US: For Cruise Ships, A History of Pollution
On April 19 the Carnival Corporation pleaded guilty in United States District Court in Miami to criminal charges related to falsifying records of the oil-contaminated bilge water that six of its ships dumped into the sea from 1996 through 2001.
A lengthy investigation by more than a half-dozen agencies, from the Coast Guard to the Environmental Protection Agency, found that Carnival engineers circumvented the 1980 Federal Act to Prevent Pollution From Ships by intentionally flushing clean water instead of bilge water past the sensors of oil content meters, which are required on all ships and are designed to register the oil content in the bilge waste. That tricked the meters into measuring the oil in the clean water instead of in the bilge waste, which was dumped, unfiltered, into the sea.
The Carnival Corporation was ordered to pay $18 million in fines and perform community service, received five years' probation and must submit to a court-supervised worldwide environmental-compliance program for each of its cruise ships.
Carnival, the parent company of Carnival Cruise Line as well as Costa Cruises, Cunard Line, Holland America Line, Seabourn Cruise Line and Windstar Cruises, is not alone in violating environmental rules aimed at the cruise industry. In 1999, for example, Royal Caribbean pleaded guilty to 21 felony violations of federal law for having rigged the pipes on its ships in order to bypass pollution equipment. It also admitted that it illegally discharged dry-cleaning chemicals and other toxic wastes into the waters off Alaska, Puerto Rico and Florida.
In recent months, several environmental groups have raised other issues with the cruise industry. Ocean Conservancy, a Washington-based organization that works to protect the oceans, released a report last month accusing the industry of generating more than 400 million pounds of waste annually, and dumping much of it into the ocean. And on April 24, a coalition of four West Coast environmental organizations -- the Bluewater Network, the Environmental Law Foundation, San Diego Baykeeper and the Surfrider Foundation -- filed suit in Los Angeles County Superior Court to force Carnival Corporation (including its Holland America subsidiary), Royal Caribbean and P & O Princess Cruises to comply with the 1999 California law that prohibits ships having left international waters from dumping ballast water within three miles of California's coast.

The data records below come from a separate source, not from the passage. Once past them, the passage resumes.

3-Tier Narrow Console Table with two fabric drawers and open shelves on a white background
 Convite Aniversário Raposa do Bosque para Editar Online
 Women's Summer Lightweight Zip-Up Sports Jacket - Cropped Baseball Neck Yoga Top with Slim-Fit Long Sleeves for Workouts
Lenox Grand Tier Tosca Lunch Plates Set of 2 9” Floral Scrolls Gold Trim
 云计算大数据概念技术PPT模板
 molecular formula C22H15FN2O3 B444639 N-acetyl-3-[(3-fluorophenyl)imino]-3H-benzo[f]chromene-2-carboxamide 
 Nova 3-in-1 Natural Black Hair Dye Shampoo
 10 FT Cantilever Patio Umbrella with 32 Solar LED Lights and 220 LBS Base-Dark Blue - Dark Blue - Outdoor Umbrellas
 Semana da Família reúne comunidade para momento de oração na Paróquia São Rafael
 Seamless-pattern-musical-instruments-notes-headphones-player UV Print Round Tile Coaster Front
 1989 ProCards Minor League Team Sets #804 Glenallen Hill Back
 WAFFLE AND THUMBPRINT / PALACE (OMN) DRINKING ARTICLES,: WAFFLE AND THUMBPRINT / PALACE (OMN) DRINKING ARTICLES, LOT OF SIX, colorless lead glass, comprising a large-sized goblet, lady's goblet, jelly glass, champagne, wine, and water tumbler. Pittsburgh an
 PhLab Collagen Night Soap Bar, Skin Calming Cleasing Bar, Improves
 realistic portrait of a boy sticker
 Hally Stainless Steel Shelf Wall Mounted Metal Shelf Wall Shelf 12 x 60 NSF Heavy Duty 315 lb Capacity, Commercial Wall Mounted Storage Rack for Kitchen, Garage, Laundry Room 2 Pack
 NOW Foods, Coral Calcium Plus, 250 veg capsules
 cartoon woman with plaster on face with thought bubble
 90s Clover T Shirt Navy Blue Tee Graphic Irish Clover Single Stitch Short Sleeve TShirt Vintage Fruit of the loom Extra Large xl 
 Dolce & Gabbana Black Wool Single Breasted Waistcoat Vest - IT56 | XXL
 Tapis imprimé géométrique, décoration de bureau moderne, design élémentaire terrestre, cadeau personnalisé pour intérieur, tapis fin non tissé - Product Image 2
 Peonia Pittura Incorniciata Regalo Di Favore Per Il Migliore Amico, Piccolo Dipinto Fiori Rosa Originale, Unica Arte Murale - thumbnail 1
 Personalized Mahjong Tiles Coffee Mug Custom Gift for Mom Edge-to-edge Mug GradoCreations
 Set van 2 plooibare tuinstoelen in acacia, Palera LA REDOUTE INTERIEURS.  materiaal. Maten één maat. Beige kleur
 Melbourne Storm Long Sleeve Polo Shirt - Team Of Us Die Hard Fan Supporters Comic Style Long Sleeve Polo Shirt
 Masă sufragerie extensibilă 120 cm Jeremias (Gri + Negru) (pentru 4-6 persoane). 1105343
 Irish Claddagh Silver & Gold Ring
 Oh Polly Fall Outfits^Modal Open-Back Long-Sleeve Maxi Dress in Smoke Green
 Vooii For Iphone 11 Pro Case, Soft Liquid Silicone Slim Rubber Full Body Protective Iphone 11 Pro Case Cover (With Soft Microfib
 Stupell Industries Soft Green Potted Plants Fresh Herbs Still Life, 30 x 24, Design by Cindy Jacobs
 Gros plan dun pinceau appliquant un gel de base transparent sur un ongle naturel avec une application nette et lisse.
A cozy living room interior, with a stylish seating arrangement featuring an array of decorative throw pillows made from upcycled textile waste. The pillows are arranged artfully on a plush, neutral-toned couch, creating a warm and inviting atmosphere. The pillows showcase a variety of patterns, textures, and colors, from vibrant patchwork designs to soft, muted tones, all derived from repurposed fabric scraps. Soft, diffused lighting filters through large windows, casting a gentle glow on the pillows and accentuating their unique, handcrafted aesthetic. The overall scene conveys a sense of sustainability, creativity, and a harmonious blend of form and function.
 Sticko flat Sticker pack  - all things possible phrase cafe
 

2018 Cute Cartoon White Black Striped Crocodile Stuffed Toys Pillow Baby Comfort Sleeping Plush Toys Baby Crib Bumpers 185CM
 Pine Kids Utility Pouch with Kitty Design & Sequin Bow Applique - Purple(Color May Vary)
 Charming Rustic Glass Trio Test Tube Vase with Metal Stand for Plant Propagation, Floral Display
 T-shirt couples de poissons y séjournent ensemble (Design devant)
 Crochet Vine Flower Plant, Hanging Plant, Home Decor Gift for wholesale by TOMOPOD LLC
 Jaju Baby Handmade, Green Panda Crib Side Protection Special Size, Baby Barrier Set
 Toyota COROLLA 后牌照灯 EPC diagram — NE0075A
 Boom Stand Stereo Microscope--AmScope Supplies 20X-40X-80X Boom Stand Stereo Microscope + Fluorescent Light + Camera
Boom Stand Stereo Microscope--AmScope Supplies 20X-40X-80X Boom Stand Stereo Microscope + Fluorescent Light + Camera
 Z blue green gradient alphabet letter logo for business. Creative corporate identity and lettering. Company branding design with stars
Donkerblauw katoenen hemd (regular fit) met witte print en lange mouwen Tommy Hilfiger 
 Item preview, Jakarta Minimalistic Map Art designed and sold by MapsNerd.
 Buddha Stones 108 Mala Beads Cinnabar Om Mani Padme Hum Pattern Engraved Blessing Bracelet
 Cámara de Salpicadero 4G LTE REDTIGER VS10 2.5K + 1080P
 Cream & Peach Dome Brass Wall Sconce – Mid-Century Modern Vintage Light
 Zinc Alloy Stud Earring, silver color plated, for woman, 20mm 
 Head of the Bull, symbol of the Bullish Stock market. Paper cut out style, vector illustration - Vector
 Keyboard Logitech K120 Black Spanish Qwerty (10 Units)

Ballast water -- sea water pumped into the bottom of ships to keep them stable at sea -- can contain aquatic animals and plants caught up in the process. These nonnative organisms can survive in the ballast tanks, said Hiram Sarabia, a scientist for the nonprofit San Diego Baykeeper, and if released into a foreign coastal environment can threaten native species.
The cruise lines named in the lawsuit have not yet responded, beyond saying that they do not comment on matters in litigation. But representatives of Carnival responded promptly to questions about its current and future compliance with the federal court's orders. A hot line required by the court so that employees or passengers can report suspected violations of environmental programs or of Carnival's compliance is already operating, a spokesman for Carnival said, ''and people can leave messages either identifying themselves or anonymously.''
James Wheaton, president of the Environmental Law Foundation, said that the coalition's charges had been documented in some 400 of the ballast reports that ships have been required to submit to California's State Lands Commission. He said the commission could impose administrative fines of its own, up to $5,000 per violation per day.
Teri Shore, director of the Bluewater Network's Clean Vessels campaign, which advocates cleaner ships and ferries, said, ''There are few federal laws that regulate cruise ships, and the ones that do are not very effective because enforcement is weak, penalties minimal and the cruise ships intentionally violate them in order to cut costs and feed profits.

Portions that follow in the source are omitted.